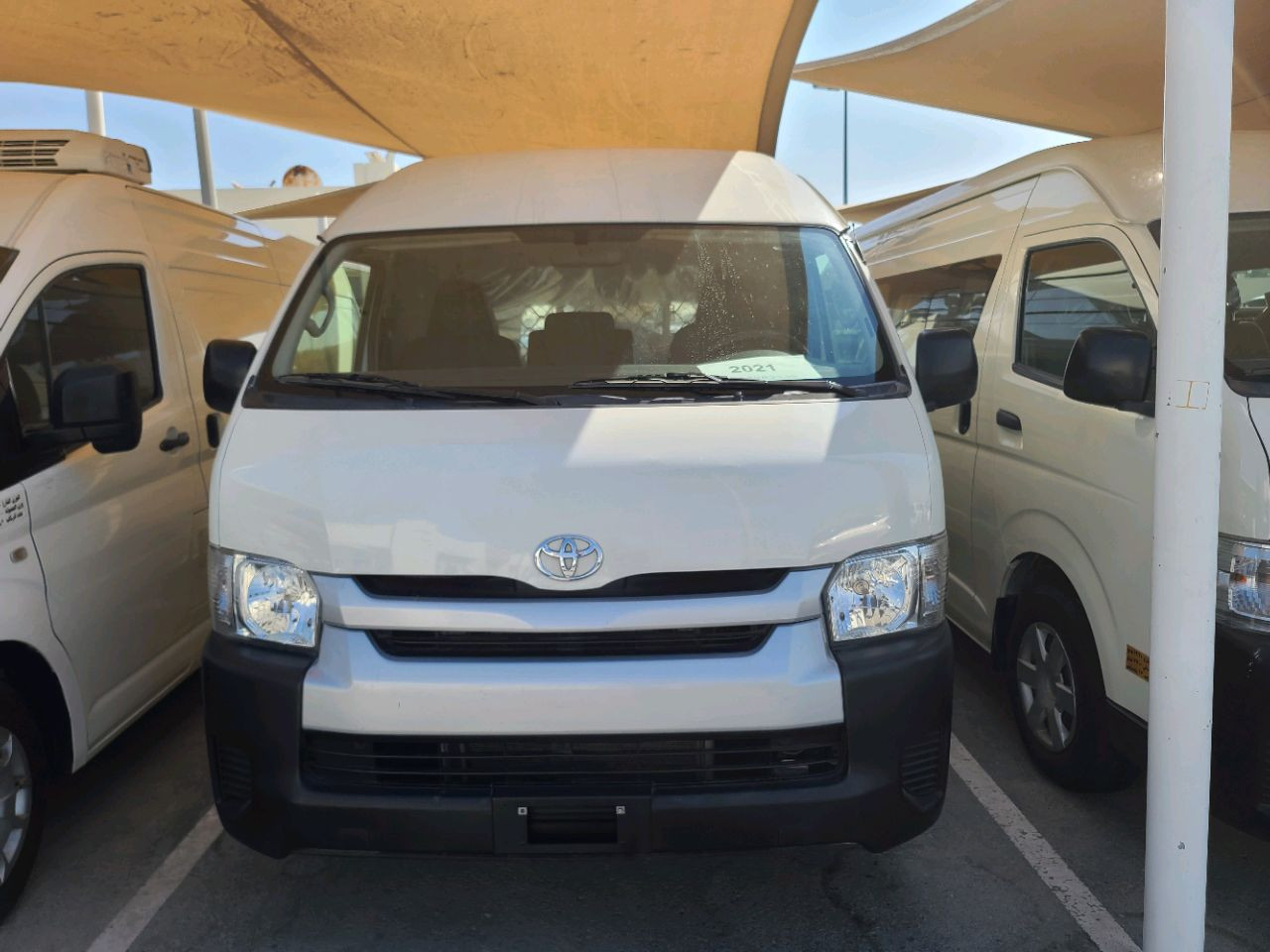Toyota Hiace - Image 5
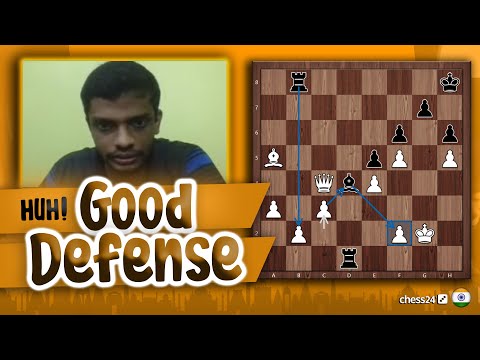 "Maybe I Have Some Chances" | S L Narayanan vs Magnus Carlsen | Banter Series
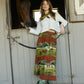 Kit Skirt, Ranching
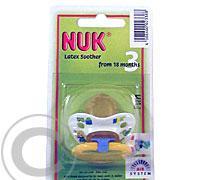 NUK-Dudlík uklid.Fun(18-36)latex 1ks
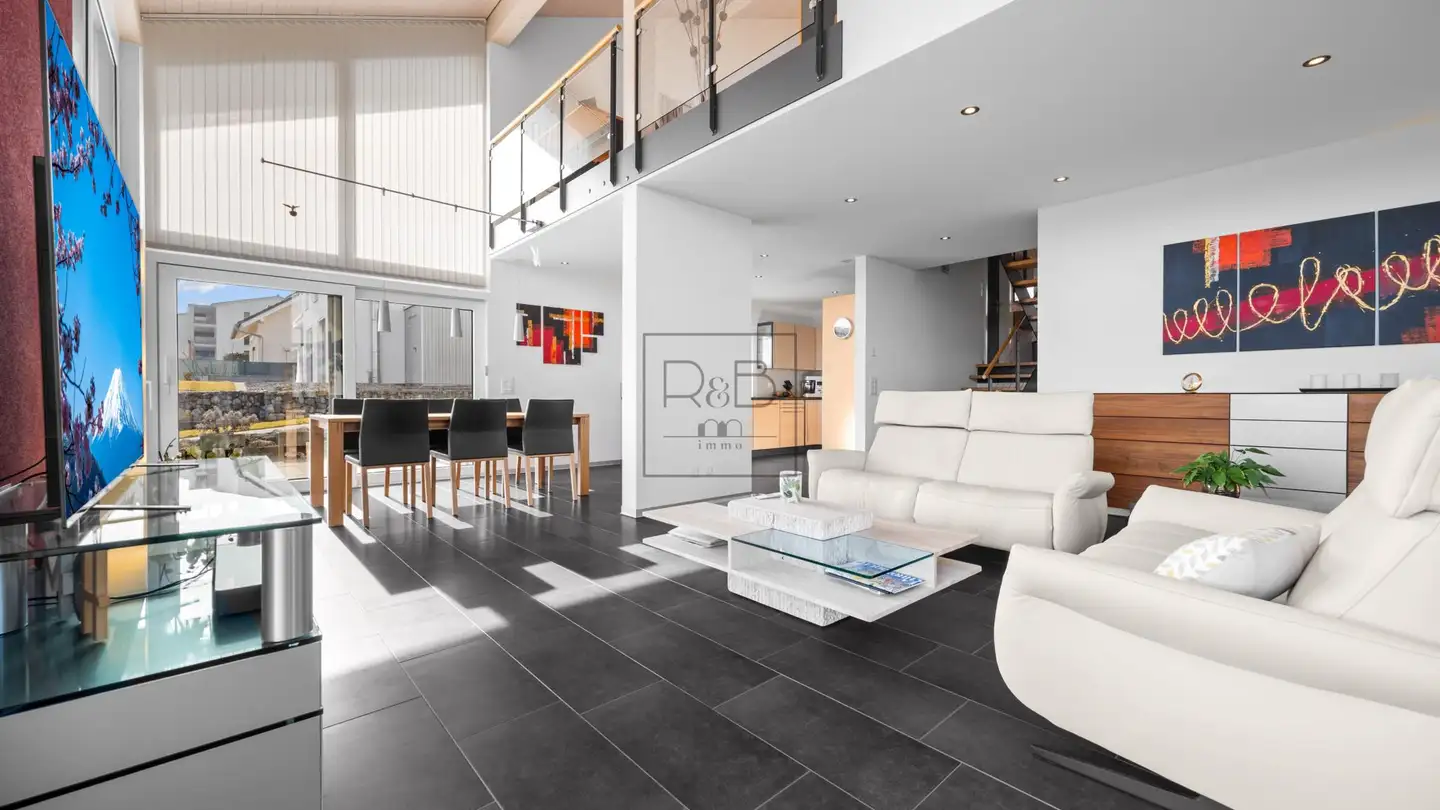 Einfamilienhaus kaufen - 1678 Siviriez - Foto 4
___
= Required action =
All of the entries above should be copied exactly, with the images left out.

= Output =
Toyota Hiace - Image 5
 "Maybe I Have Some Chances" | S L Narayanan vs Magnus Carlsen | Banter Series
 Kit Skirt, Ranching
 NUK-Dudlík uklid.Fun(18-36)latex 1ks
 Einfamilienhaus kaufen - 1678 Siviriez - Foto 4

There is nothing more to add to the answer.